A 11 anni un parrucchiere mi taglió troppo, decisamente troppo, rispetto alle mie aspettative i capelli. Non li taglio da quel giorno, cinque anni. Potete da soli immaginare la lunghezza che hanno raggiunto al giorno d’oggi.

Beh in questi cinque anni ho scoperto tante cose sui capelli e, in particolare, su come trattare quelli particolarmente lunghi. Prima non ne sapevo quasi niente e finivo per rovinarli inutilmente (cosa che probabilmente in parte faccio anche ora, dato che non sono né una parrucchiera né un medico né cose simili). Ho però pensato di condividere ciò che ho imparato in questo periodo in modo che non cadiate anche voi in errori del genere.
1.    Asciugare i capelli con il phon ad altissima temperatura, per fare prima, o utilizzare la piastra è sbagliato. Non c’è bisogno che vi dica che asciugare o piastrarli troppo spesso non fa bene, ma ho scovato di recente spray per proteggere i capelli dall’utilizzo di strumenti per lo stilying ad alta temperatura. Si possono trovare in quei negozi specializzati o dalle parrucchiera più fornite.
2.    Non spazzolare i capelli da bagnati. Questa é una di quelle cose che ho fatto per tantissimo tempo, per poi scoprire che i capelli da bagnati sono mille volte più fragili ed é perciò sconsigliato utilizzare una spazzola che scompiglia e causa la rottura delle cuticole. Meglio, in casi estremi, un pettine di quelli in legno a denti larghi.
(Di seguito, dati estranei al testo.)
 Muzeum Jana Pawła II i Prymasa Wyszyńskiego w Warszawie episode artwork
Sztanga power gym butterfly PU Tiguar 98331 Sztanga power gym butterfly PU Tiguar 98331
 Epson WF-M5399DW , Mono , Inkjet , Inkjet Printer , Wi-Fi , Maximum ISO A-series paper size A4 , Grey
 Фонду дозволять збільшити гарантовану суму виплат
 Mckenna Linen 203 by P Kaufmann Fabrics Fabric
3.    Non cotonare i capelli. So che cotonandoli otteniamo quel volume in più che spesso manca, ma é il caso di smetterla subito!! Cotonarli con il pettine significa pettinarsi al contrario e a lungo termine si possono danneggiare ed indebolire le ciocche
4.    Il balsamo. Ragazze, donne, nonne, il balsamo è importantissimo! So che con certe lunghezze di capelli una confezione dura meno di un pacchetto di patatine in casa di un adolescente, ma fa davvero la differenza. Rinforza, leviga e ammorbidisce! Se non lo mettete per paura che i capelli si sporchino più velocemente, provatelo solo sulle punte
5.    Non legateli troppo spesso è troppo stretti. Se non li lego sono scomodi, se li lego troppo stretti si danneggiano, quindi? Devo radermi a zero? Così pensavo finché non ho scoperto questi elastici in plastica simili a una molla (Sephora, 5€).
6.    Il parrucchiere è un amico! Fino al mese scorso lo evitavo come la peste, perchè avevo paura ci desse un taglio troppo drastico. Sbagliavo, se non spuntiamo i capelli, oltre che risultare estremamente disordinati, si spezzeranno di più poiché le doppie punte si accumuleranno dando un effetto di crescita inferiore.
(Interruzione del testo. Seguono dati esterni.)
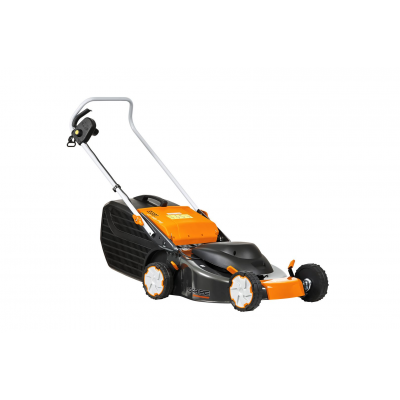 газонокосарка Oleo-Mac G-48 РЕ COMFORT PLUS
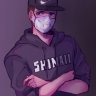 Shinaii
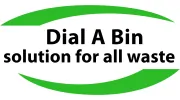 Dial A Bin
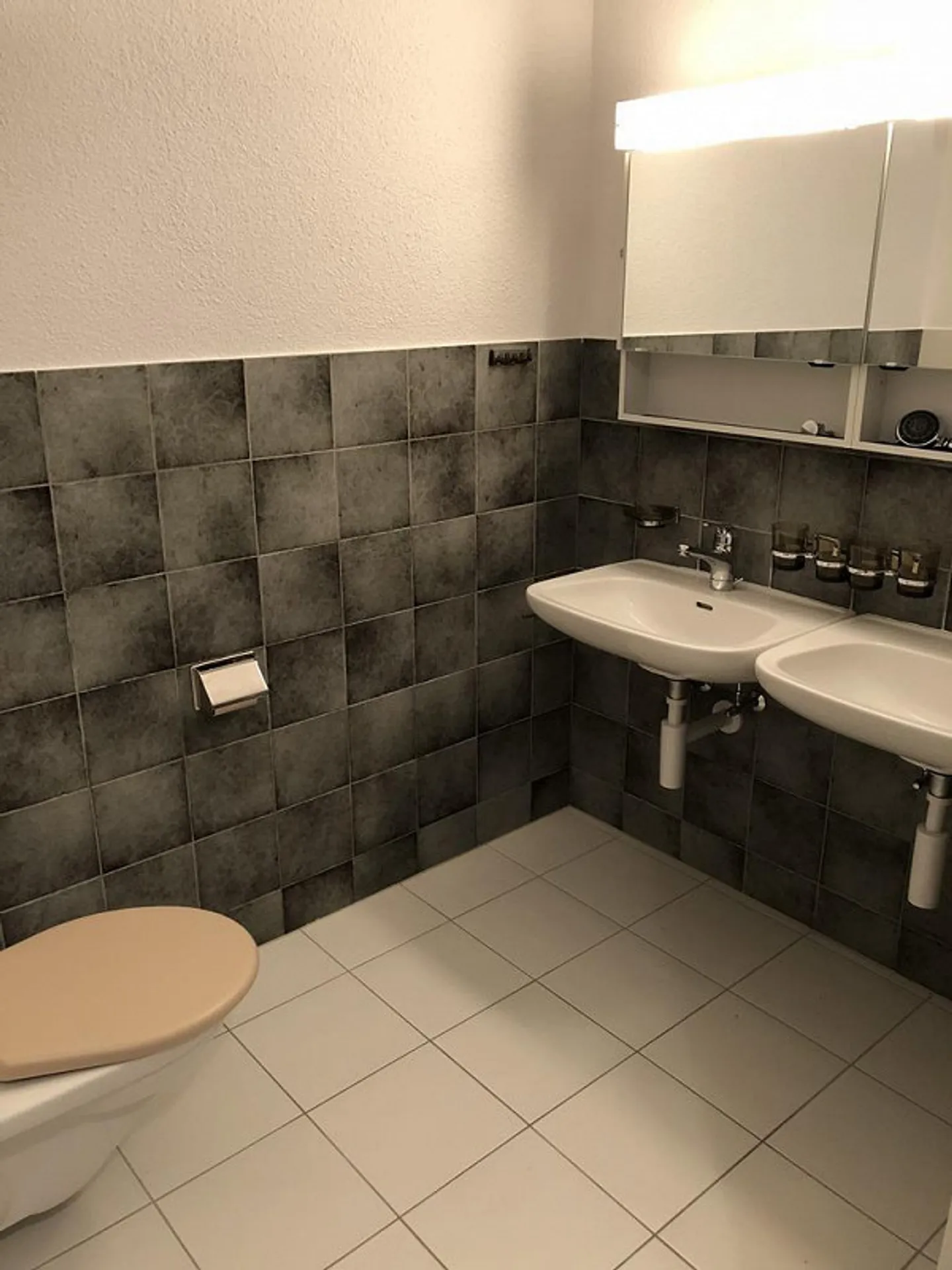 Visite : Mercredi, 17.06.2026 de 17h00 à 18h00 - Photo 3 sur 8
7.    Ogni tanto mettete l’olio di mandorla al 100% (lo trovate in farmacia, erboristeria o negozi come Naturasì). Cospargete i capelli di prodotto, li fissate con una molletta e li avvolgete con la pellicola trasparente da cucina in modo che il prodotto si assorba. Nel mentre non è consigliato uscire e andare ad un party, fate la cosa quando sapete che avrete un pomeriggio segregate in casa o di notte e poi lavateli.
8. Shampoo e balsamo sono preferibili se senza parabeni e profumi. Le etichette sono importanti! Probabilmente i prodotti più naturali costeranno un po’ di più, ma ne vale la pena, soprattutto se si hanno i capelli stile Rapunzel (nella foto in apertura)!